3 min read

Waggle dance with ggbeeswarm and emoGG

Matt Dray (@mattdray)

A bee scene from irreverent 90s Nicktoon Hey Arnold! (via Giphy)

A bee scene from irreverent 90s Nicktoon ‘Hey Arnold!’ (via Giphy)

How to plot grouped continuous data?

A boxplot lets you show continuous data split by categories, but it hides the data points and doesn’t tell you much about distribution. A violin chart will show the distribution but you still don’t know about the density of data.

Stripcharts show the data for each category as individual points. The points can be layered on top of each other where they take the same Y value and can be stretched arbitrarily along the X axis.

If you don’t have too much data, or if you sample it, you can stop the data points in a stripchart from overlapping and instead line them up side by side where they take the same Y value.
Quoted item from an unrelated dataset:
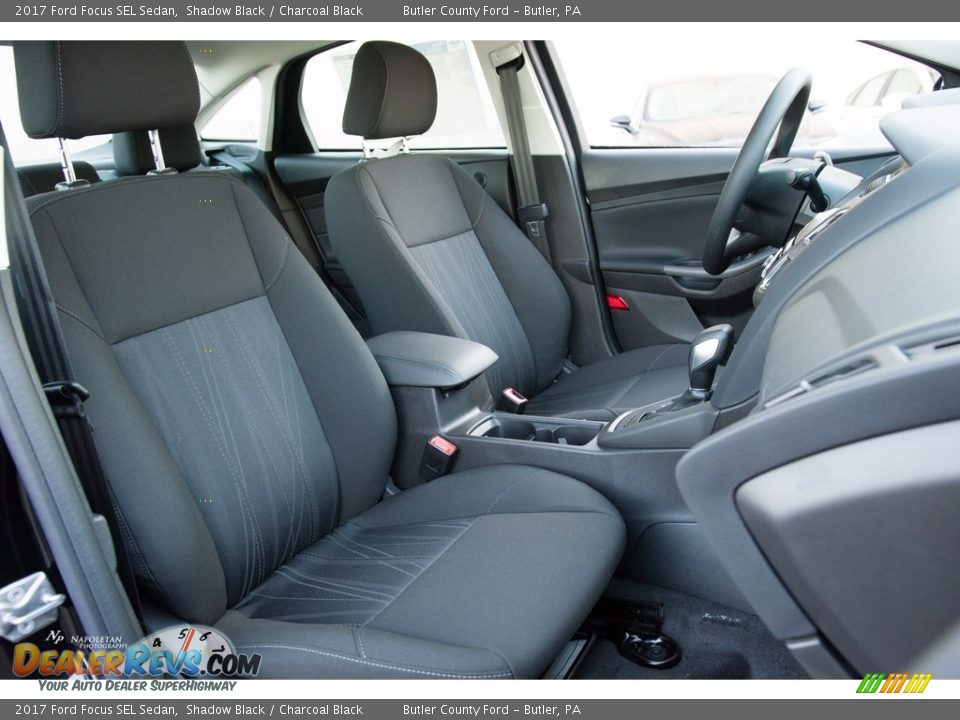 2017 Ford Focus SEL Sedan Shadow Black / Charcoal Black Photo #8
This is called a ‘beeswarm’.

Why? Probably because the cloud of data you’re plotting looks a bit like a swarm of bees.

Obvious next step

We can test this theory by plotting the points as actual bees, lol. Well, emoji bees. Duncan (of tidyxl and unpivotr fame) did exactly this and tweeted the plot and code.

To summarise, Duncan did this by hacking emojis via emoGG into ggbeeswarm’s geom_beeswarm() function to create gg_beeswarm_emoji() (patent pending).

Obvious next next step

Wouldn’t it be better if the little emoji bees moved around a little bit? Almost like a waggle dance?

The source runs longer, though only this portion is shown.